◆ **The data**:

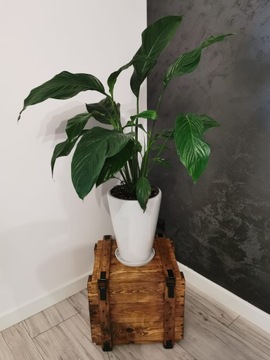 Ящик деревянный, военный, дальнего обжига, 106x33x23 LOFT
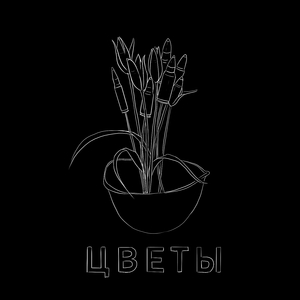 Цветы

--

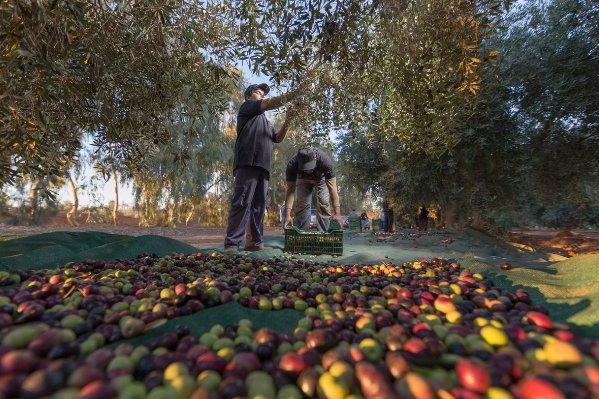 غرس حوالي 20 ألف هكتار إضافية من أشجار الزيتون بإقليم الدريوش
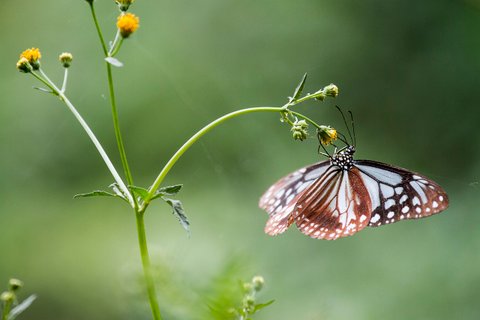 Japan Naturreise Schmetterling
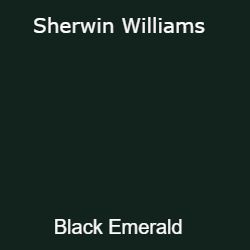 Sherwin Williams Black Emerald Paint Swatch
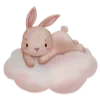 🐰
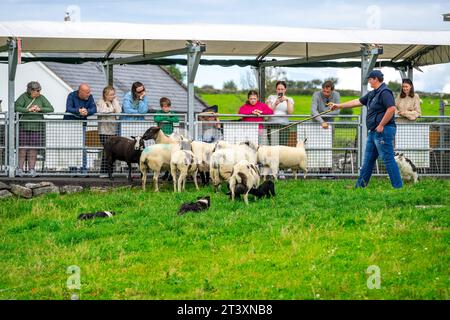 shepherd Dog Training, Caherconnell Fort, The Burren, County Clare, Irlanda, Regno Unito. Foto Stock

* * *

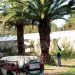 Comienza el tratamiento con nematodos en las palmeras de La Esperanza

◆ **Task requirements**: Look above for the line with "Sherwin Williams Black Emerald Paint Swatch" and copy exactly from it through the line with "shepherd Dog Training, Caherconnell", both included. Omit the pictures.

◆ **Exercise output**:
 Sherwin Williams Black Emerald Paint Swatch
 🐰
 shepherd Dog Training, Caherconnell Fort, The Burren, County Clare, Irlanda, Regno Unito. Foto Stock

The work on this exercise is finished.